Appellants contend that the evidence did not warrant the jury finding that they knew that the tools had been stolen. The tools were removed from the shed after 4:30 p.m. on April 8, 1966, and were sold to Morton Supply in the late morning or early afternoon of the following day. Appellant Tollett approached Mr. Morton for the purpose of selling the tools, conducted the negotiations for the sale, and gave a fictitious name, "Wilbert Underhill" in identifying himself. He further accepted a check in payment for the tools payable to "Wilbert Underhill."

*811 [3] It is true that mere possession of stolen property does not create a presumption of guilt of burglary or larceny, but it is a circumstance or fact which may be considered with all other facts and circumstances in determining the guilt or innocence of the accused. State v. Razey, 54, Wn.2d 422, 341 P.2d 149 (1959); State v. Mevis, 53 Wn.2d 377, 333 P.2d 1095 (1959).

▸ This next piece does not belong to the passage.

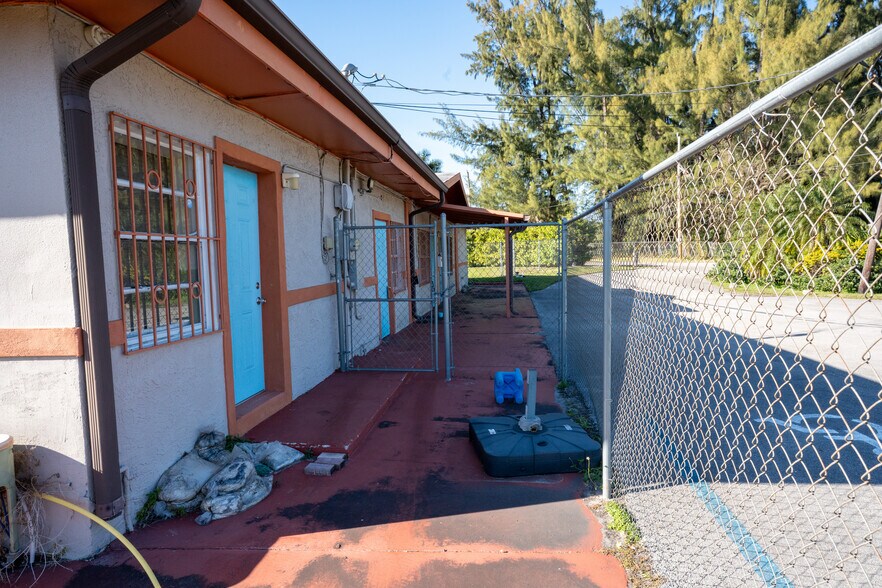 More Photos Of 10450 NW 19th Ave, Miami Schools For Sale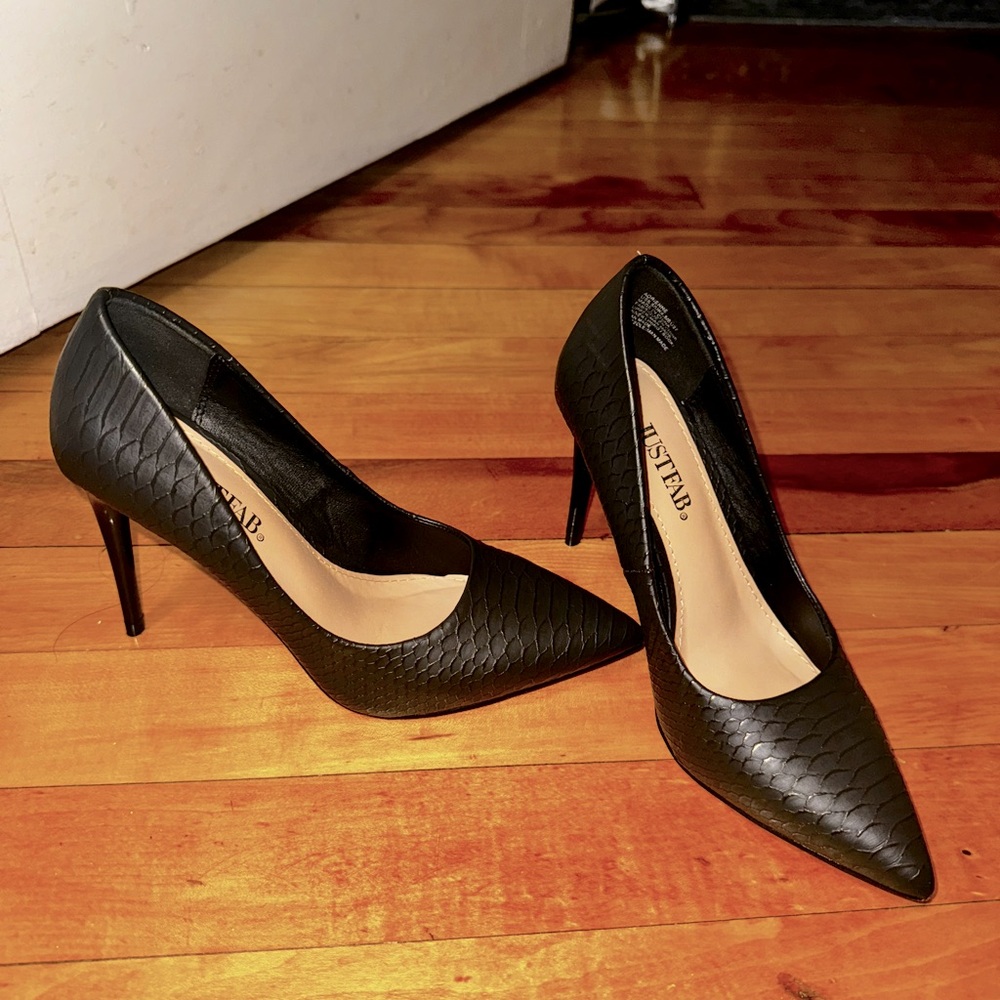 Just Fab adorable textured heel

The added circumstances that appellants had been together and that appellant Tollett gave a fictitious name to cover his identity are sufficient to supply the additional proof to supplement evidence of possession of recently stolen property. They indicate knowledge that the tools were stolen and thus made a case for the consideration of the jury. In the case of State v. Portee, 25 Wn.2d 246, 253, 170 P.2d 326 (1946), we said in quoting from 4 Nichols on Applied Evidence:

"When a person is found in possession of recently stolen property, slight corroborative evidence of other inculpatory circumstances tending to show his guilt will support a conviction. When the fact of possession of recently stolen property is supplemented by the giving of a false or improbable explanation of it, or a failure to explain when a larceny is charged, or the possession of a forged bill of sale, or the giving of a fictitious name, a case is made for the jury." (Italics supplied in Portee.)

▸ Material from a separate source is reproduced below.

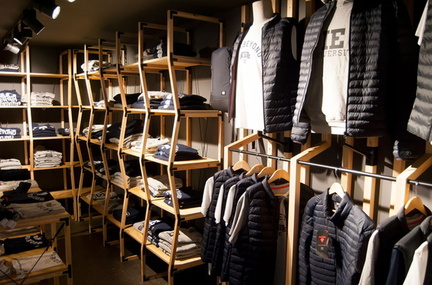 shipping-container-clothing-store-10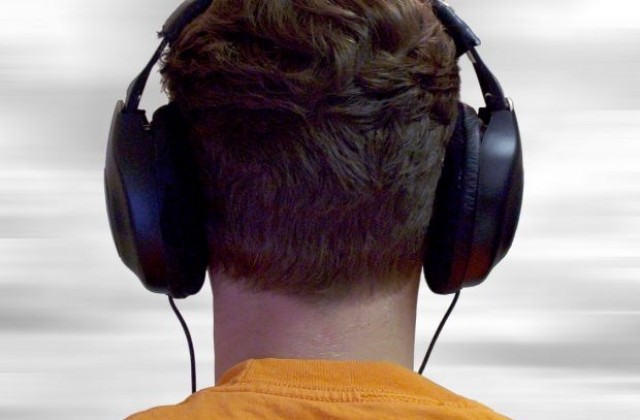 Слушането на музика със слушалки по улицата носи рискове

We have very recently reaffirmed this principle in the case of State v. Douglas, ante p. 303, 428 P.2d 535 (1967). See also State v. Bobinski, 170 Wash. 120, 15 P.2d 691 (1932).

The evidence was ample to justify a finding of guilty knowledge on the part of appellants.

Appellant Bell makes an additional assignment of error. He asserts that the evidence of his participation in the sale of the tools was so slight as to be insufficient to justify submission of the issue of his guilt to the jury. Bell had admitted to the deputy sheriff that he had come to Yakima from Portland with the other defendants in Treece's car and had been with them from time to time while in Yakima. He was with Tollett, Treece and Lavere at the time the tools were sold and produced a social security card as *812 identification of the person for whom the check should be written, although the check was eventually issued to Tollett under the name of "Wilbert Underhill." Bell accompanied the bookkeeper to the office for the purpose of preparation of the check. Appellant Bell's participation was something more than passive. It was such that the jury could conclude that he aided Tollett in the receiving, withholding, and sale of property known to have been stolen. State v. Bobinski, supra.

The judgments of the trial court are affirmed.

FINLEY, C.J., WEAVER, HAMILTON, and HALE, JJ., concur.

October 4, 1967. Petition for rehearing denied.

NOTES

[*] Reported in 431 P.2d 168.

[†] Judge Denney is serving as a judge pro tempore of the Supreme Court pursuant to Art. 4, § 2(a) (amendment 38), state constitution.

[1] Defendant Treece and appellant Tollett testified, but defendant Lavere and appellant Bell did not.